» Task brief
Please transcribe the lines below exactly, and leave every image behind.

» Stored data
▼▼▼

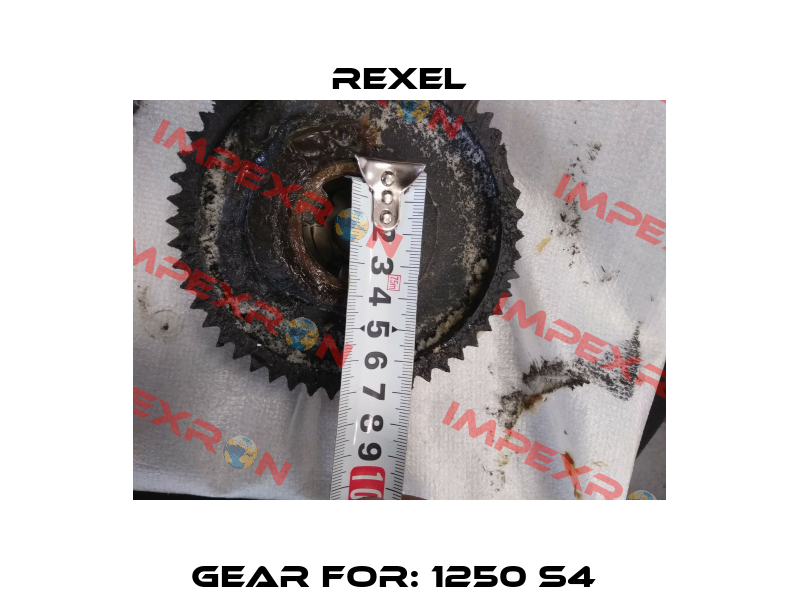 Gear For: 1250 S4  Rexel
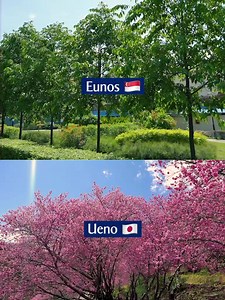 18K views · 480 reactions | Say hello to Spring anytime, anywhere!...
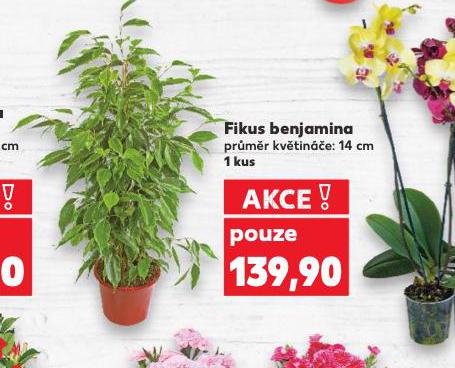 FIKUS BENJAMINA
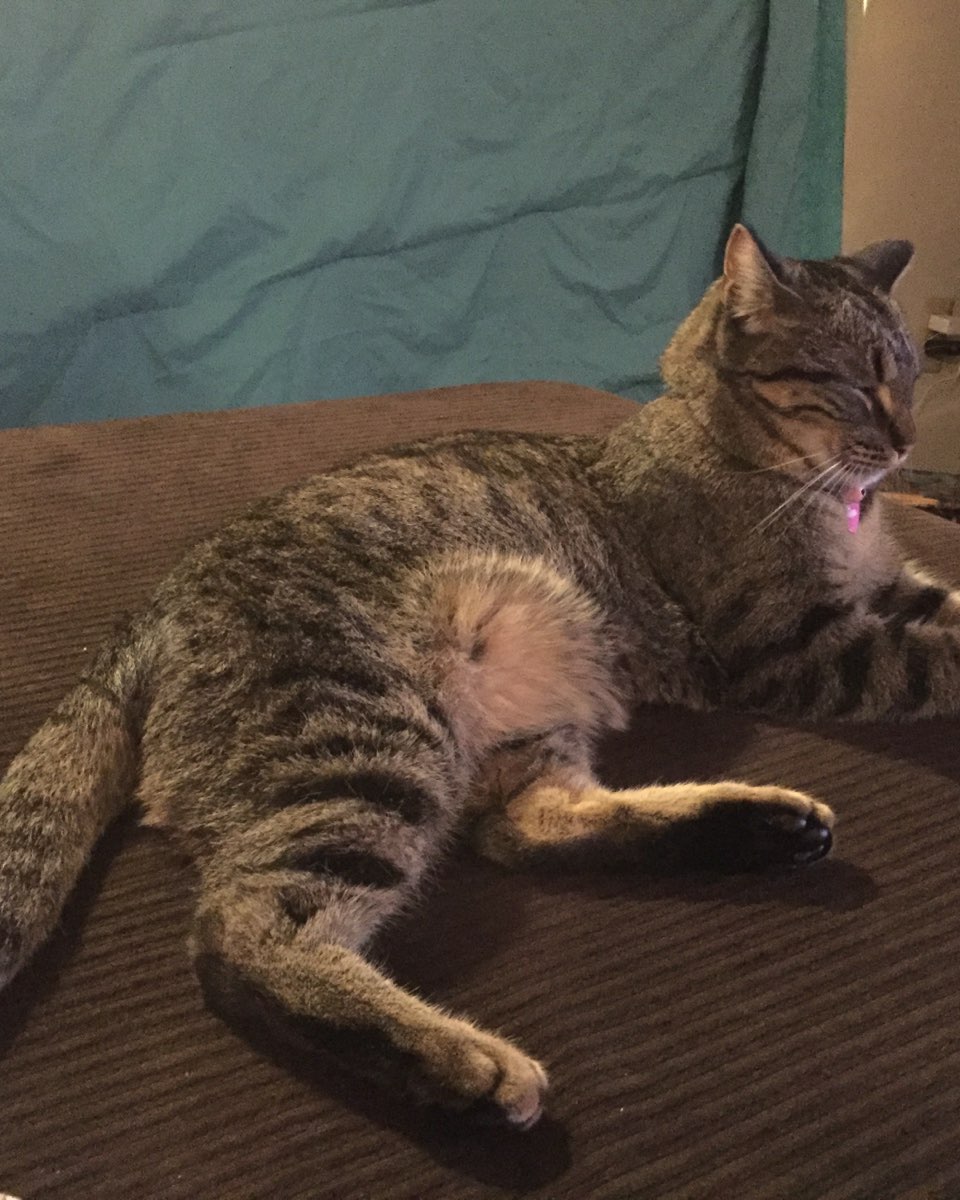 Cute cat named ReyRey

▲▲▲

» Answer to the exercise
 Gear For: 1250 S4  Rexel
 18K views · 480 reactions | Say hello to Spring anytime, anywhere!...
 FIKUS BENJAMINA
 Cute cat named ReyRey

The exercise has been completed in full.